------ Information ------

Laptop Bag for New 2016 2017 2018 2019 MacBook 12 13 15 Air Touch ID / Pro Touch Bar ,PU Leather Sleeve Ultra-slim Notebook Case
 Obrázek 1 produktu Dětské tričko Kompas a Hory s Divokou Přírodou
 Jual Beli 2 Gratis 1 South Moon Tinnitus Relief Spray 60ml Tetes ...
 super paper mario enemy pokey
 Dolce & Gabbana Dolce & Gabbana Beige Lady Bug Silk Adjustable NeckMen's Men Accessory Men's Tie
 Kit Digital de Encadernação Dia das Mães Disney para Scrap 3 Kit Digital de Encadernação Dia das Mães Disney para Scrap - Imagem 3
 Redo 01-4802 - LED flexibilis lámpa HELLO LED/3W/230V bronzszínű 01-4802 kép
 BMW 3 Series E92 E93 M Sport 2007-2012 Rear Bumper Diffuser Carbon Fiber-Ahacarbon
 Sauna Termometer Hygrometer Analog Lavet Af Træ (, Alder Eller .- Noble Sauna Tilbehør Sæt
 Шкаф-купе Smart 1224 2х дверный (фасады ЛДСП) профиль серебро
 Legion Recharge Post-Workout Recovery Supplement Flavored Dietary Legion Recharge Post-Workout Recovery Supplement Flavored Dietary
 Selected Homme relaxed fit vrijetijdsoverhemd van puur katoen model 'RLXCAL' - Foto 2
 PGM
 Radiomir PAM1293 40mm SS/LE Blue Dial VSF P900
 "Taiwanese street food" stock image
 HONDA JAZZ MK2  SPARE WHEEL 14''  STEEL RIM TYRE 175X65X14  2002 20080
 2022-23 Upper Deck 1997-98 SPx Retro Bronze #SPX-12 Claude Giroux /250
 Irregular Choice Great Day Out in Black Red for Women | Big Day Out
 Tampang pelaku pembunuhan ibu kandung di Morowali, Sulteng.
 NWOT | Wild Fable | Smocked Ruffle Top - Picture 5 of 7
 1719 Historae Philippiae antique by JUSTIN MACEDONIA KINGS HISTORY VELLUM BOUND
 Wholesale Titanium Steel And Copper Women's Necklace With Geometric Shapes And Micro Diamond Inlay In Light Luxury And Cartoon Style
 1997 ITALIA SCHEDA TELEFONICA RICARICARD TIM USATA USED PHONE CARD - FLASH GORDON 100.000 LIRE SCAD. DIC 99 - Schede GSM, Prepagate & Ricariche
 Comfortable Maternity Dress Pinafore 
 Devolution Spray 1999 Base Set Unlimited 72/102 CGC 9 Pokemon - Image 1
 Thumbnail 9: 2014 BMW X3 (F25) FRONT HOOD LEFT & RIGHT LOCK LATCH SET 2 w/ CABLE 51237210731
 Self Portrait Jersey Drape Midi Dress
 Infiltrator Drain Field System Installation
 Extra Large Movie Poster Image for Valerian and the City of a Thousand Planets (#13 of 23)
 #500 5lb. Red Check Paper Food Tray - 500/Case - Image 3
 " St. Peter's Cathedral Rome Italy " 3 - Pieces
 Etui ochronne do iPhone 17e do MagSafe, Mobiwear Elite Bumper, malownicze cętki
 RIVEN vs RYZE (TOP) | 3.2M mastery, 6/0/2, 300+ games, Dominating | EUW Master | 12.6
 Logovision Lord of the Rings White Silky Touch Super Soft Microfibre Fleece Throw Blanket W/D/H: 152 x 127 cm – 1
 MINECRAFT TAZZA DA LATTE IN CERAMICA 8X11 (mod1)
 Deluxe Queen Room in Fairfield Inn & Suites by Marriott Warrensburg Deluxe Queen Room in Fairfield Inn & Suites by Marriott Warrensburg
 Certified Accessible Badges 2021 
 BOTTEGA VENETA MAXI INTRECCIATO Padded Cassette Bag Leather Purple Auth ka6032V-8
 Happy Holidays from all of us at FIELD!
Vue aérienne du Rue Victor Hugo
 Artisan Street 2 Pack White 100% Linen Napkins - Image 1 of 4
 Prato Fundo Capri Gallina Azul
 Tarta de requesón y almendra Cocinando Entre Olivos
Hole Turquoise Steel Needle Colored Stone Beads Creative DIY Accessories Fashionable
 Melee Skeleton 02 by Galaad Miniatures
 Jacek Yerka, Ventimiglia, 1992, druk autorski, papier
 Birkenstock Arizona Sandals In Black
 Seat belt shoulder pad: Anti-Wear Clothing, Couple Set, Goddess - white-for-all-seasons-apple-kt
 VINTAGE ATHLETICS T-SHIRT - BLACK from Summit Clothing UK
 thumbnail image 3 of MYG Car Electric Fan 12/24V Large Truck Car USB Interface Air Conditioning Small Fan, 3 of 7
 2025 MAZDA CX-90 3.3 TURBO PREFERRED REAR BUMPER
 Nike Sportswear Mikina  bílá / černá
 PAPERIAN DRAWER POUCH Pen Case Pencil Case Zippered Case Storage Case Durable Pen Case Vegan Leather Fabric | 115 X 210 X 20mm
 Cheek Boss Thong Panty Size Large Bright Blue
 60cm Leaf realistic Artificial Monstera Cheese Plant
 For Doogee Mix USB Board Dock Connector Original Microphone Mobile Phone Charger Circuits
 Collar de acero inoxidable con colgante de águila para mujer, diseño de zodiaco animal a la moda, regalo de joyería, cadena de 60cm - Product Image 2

------

- Brief:
Give again, exactly as written, the lines running from the first line of the data above through the line that contains "Sauna Termometer Hygrometer".

- Response to the task:
Laptop Bag for New 2016 2017 2018 2019 MacBook 12 13 15 Air Touch ID / Pro Touch Bar ,PU Leather Sleeve Ultra-slim Notebook Case
 Obrázek 1 produktu Dětské tričko Kompas a Hory s Divokou Přírodou
 Jual Beli 2 Gratis 1 South Moon Tinnitus Relief Spray 60ml Tetes ...
 super paper mario enemy pokey
 Dolce & Gabbana Dolce & Gabbana Beige Lady Bug Silk Adjustable NeckMen's Men Accessory Men's Tie
 Kit Digital de Encadernação Dia das Mães Disney para Scrap 3 Kit Digital de Encadernação Dia das Mães Disney para Scrap - Imagem 3
 Redo 01-4802 - LED flexibilis lámpa HELLO LED/3W/230V bronzszínű 01-4802 kép
 BMW 3 Series E92 E93 M Sport 2007-2012 Rear Bumper Diffuser Carbon Fiber-Ahacarbon
 Sauna Termometer Hygrometer Analog Lavet Af Træ (, Alder Eller .- Noble Sauna Tilbehør Sæt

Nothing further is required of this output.